Abducted Pakistani elders ‘killed’

Bodies of 22 members of pro-government group found near South Waziristan.

pakistan map with jandola

“Some of the dead were shot and some had their throats slit,” Marwat said.

During clashes earlier this week in Jandola, Taliban fighters captured about 27 people belonging to the peace committee and local tribal elders, he said.

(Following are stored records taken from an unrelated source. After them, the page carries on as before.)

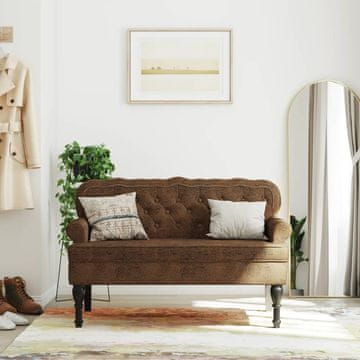 Vidaxl vidaXL Klop z naslonjalom rjava 119,5x64,5x75 cm umetna semiš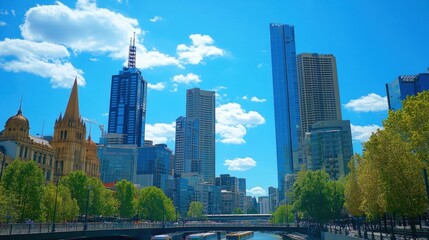 Naklejka premium Melbournes vibrant city skyline on a sunny day.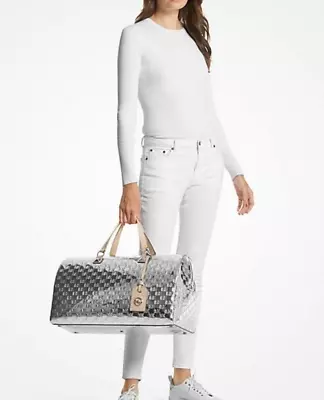 Michael Kors Grayson XL Logo Embossed Patent Weekender Bag $598 NWT Packed • $448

Security officials said that the men’s hands were tied behind their backs and the corpses left in a drain by a roadside. 

‘Reign of terror’

A spokesman for the Tehreek-e-Taliban Pakistan controlled by Mehsud, told the AFP news agency that it had carried out the killings and would soon decide the fate of another eight men.
  
“The men we killed were involved in thefts and robbery and had unleashed a reign of terror on the people. They were being patronised by the government,” Maulvi Omar said.

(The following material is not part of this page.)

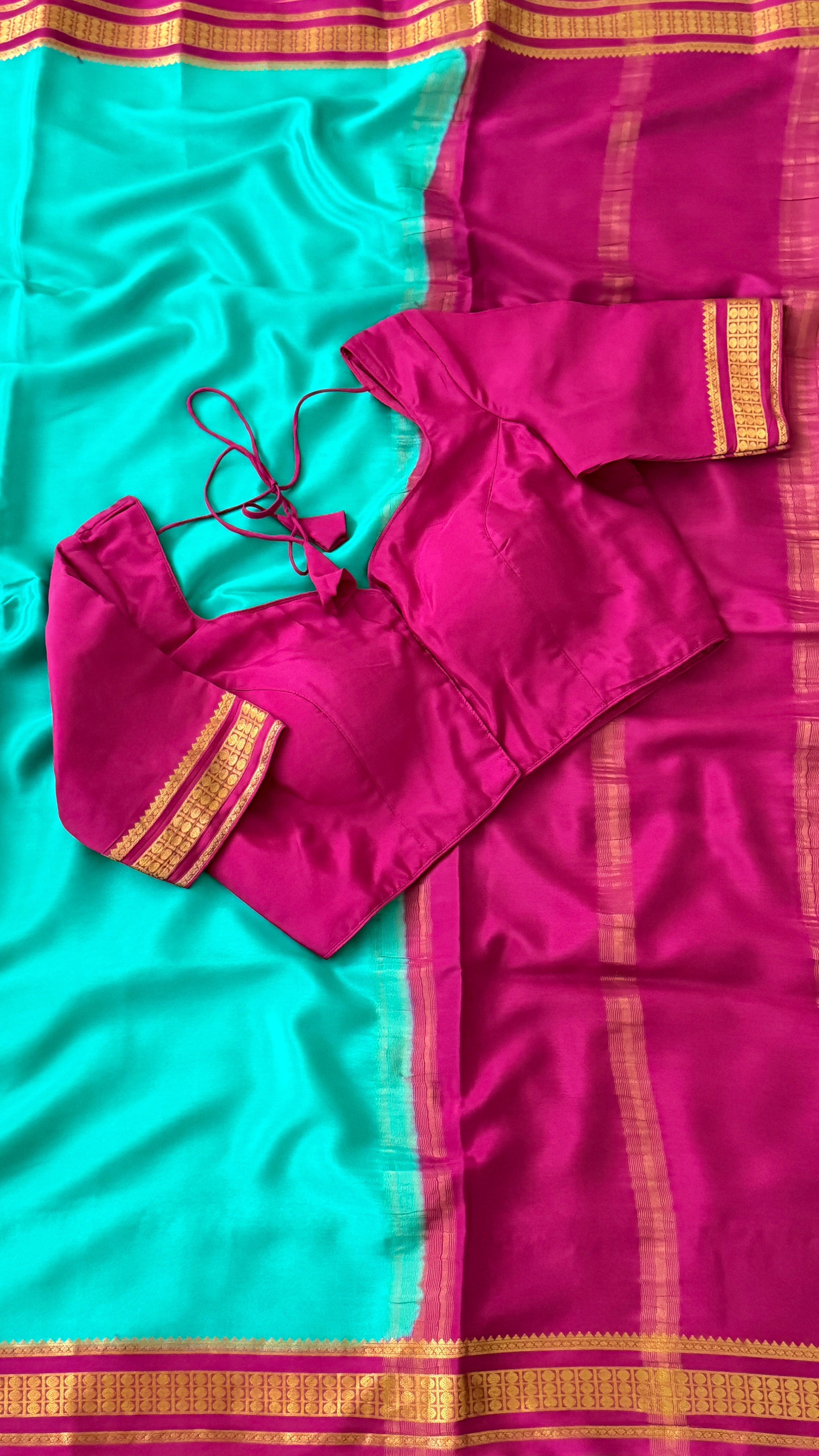 Sea Green & Magenta Mysore Silk Saree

“The government should not intervene in the current situation, otherwise peace talks would be seriously undermined.”

Fighting between supporters of a pro-government tribal elder, called Turkistan Bitani, and fighters belonging to Mehsud’s tribe broke out on Monday after rockets were fired at the home of a peace committee member.

Pro-Taliban gains

Kamal Hyder, Al Jazeera’s correspondent in Islamabad, said the attacks came as pro-Taliban forces continue to tighten their grip in the region, espcially in the Northwest Frontier Province (NWFP).

“A lot of analysts believe that Peshawar is being surrounded by pro-Taliban factions. That is why the interior minister went there and warned people that the government could launch an operation in the Northwest Frontier Province.”

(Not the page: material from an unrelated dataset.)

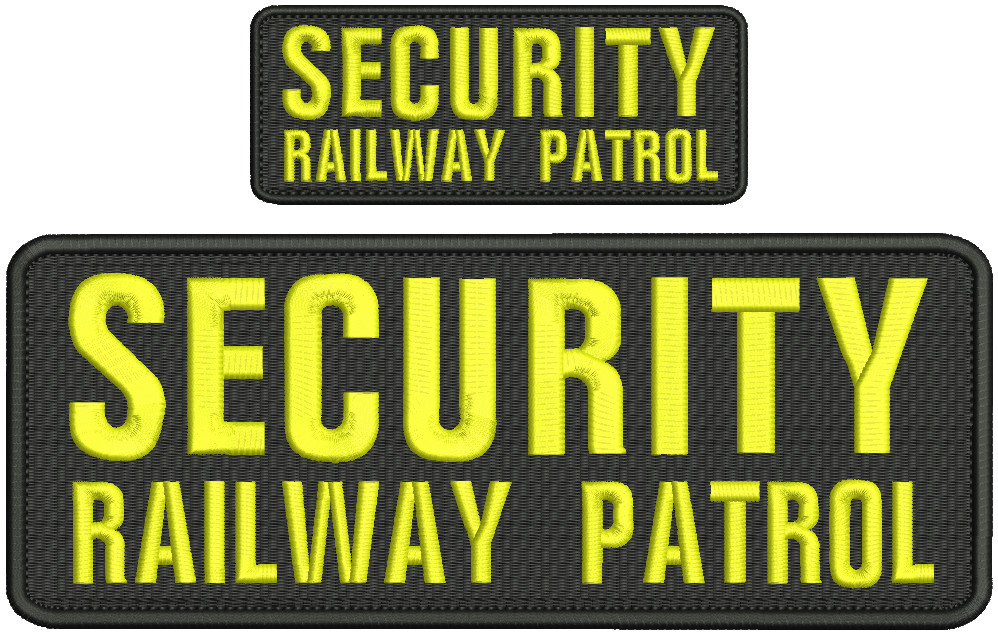 SECURITY Railway Patrol embroidery patches 3x10 and 2x4 hook on back yellow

Pakistan’s military put the overall death toll from the violence at nine, and said that the Taliban fighters had withdrawn from Jandola.

“There is absolutely nothing now in Jandola. A total of nine people have been killed in fighting between tribes,” Major General Athar Abbas, Pakistan’s chief military spokesman, said.

But residents told the AFP news agency that the situation in Jandola was still tense and armed fighters were still present.  All shops were closed down and roads were deserted, they said.

Pakistan’s government began peace talks with Mehsud, who is based in the South Waziristan tribal region, after defeating supporters of Pervez Musharraf, the president, in elections in February.

Pakistan’s border regions have been the scene of fighting between troops and pro-Taliban fighters since the fall of the movement in neighbouring Afghanistan in 2001.
  
There have also been several outbreaks of violence between the area’s Pashtun tribes.